NEITHER MATT NOR OLIVIA MOVED. The story had drained her. He could see that. He almost made a move to come closer, but she put up her hand.
"I saw an old picture of Emma Lemay once," Olivia began. "She was so beautiful. She was smart too. If anyone had the wiles to get out of this life, it was Emma. But you see, no one does. I was eighteen, Matt. And I already felt like my life was over. So there we were, me retching, Emma still holding the gun. She stared down at Clyde for a long time and simply waited for me to catch my breath. It took a few minutes. Then she turns to me, all clear-eyed, and says, 'We need to hide his body.'
"I remember shaking my head.

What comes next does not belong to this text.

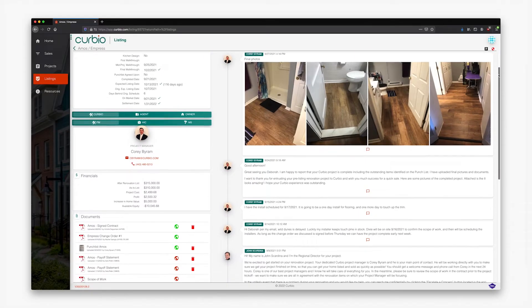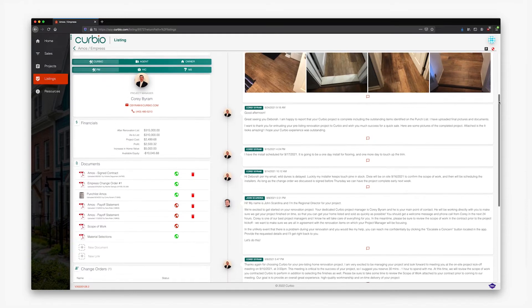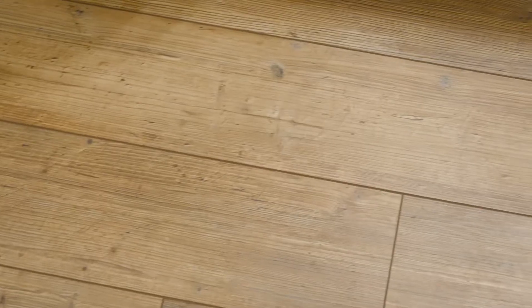Curbio project managers were phenomenal. I'm a very picky and impatient person, so I like the fact that they were very responsive whenever I called and had a question, or if my seller had a question. The seller was really excited that she got to be a part of the process and pick the floors that she wanted, and we were able to get it done in like two or three days, and it was successful.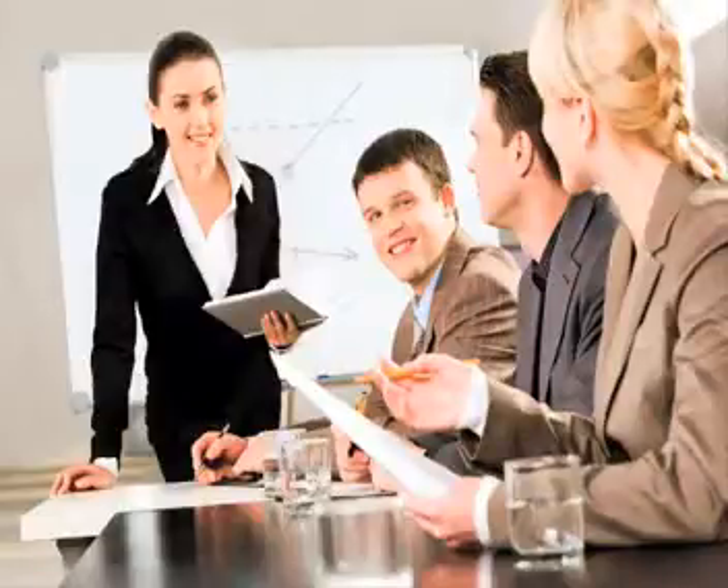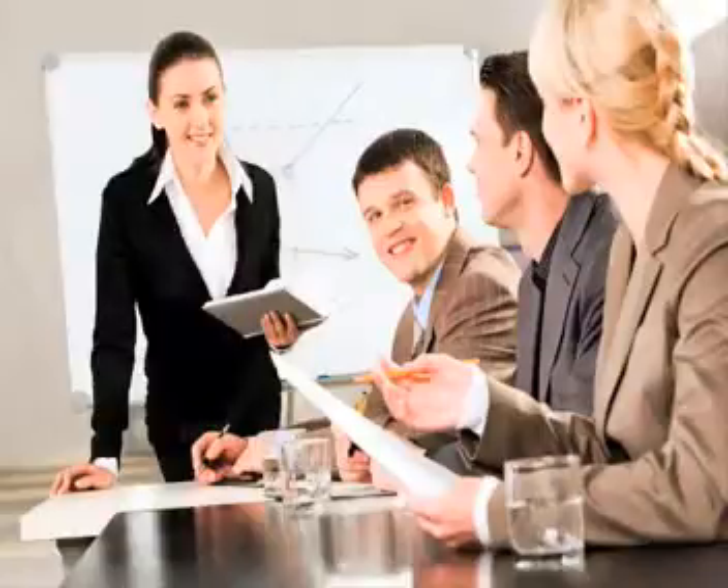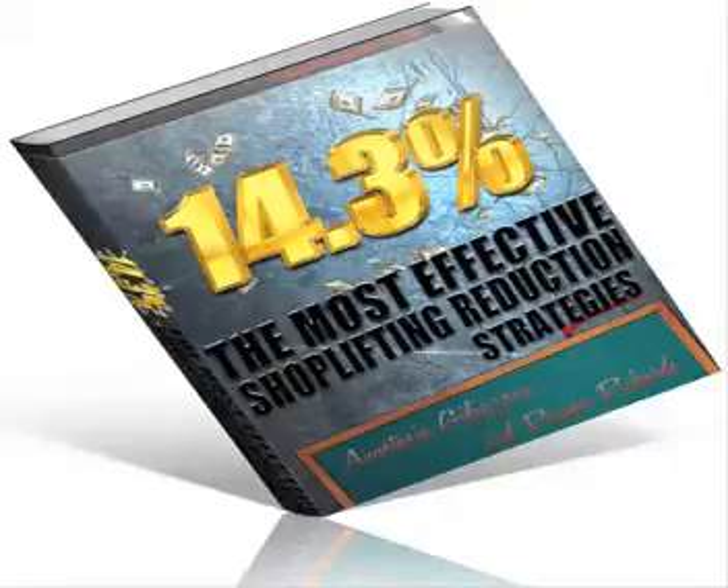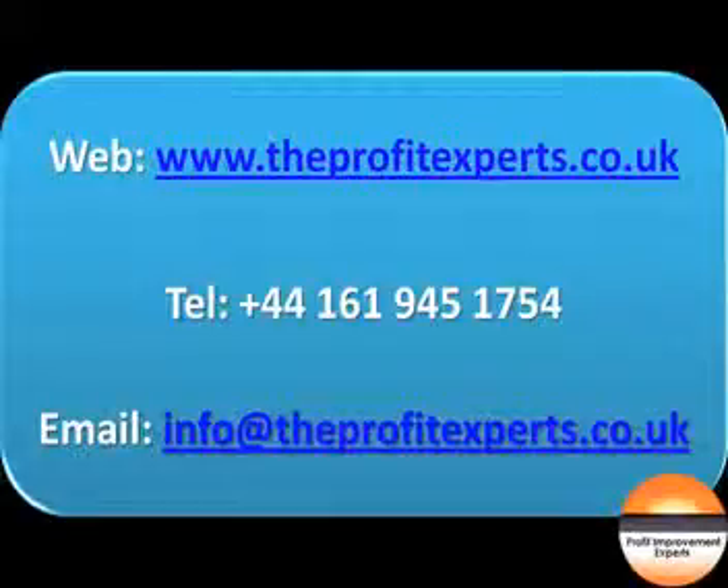In the next video I am going to explain how to identify the problems technology solves. Meanwhile, for your free shoplifting ebook and more great videos like this, visit www.theprofitexperts.co.uk.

I told her I didn't want any part of that. She didn't get upset or raise her voice. It was so strange. She looked so... serene."
Matt said, "She'd just slain her abuser."
"That was part of it, sure."
"It was almost as if she'd been waiting for this moment. Like she knew it would one day happen. I said we should call the police. Emma shook her head, calm, in control. The gun was still in her hand. She didn't point it at me. 'We could tell them the truth,' I said. 'That it was self-defense. We'll show them the bruises on my neck. Hell, we'll show them Cassandra.' "
Matt shifted in his seat. Olivia saw it and smiled.
"I know," she said. "The irony isn't lost on me. Self-defense. Like you claimed. We were both, I guess, at that same fork in the road. Maybe you didn't have a choice, what with all those people around. But even if you did, you came from a different world. You trusted the police. You thought that truth would win out. But we knew better. Emma had shot Clyde three times, once in the back, twice in the face. No one would buy self-defense. And even if they did, Clyde made big money for his mobbed-up cousin. He'd never let us live."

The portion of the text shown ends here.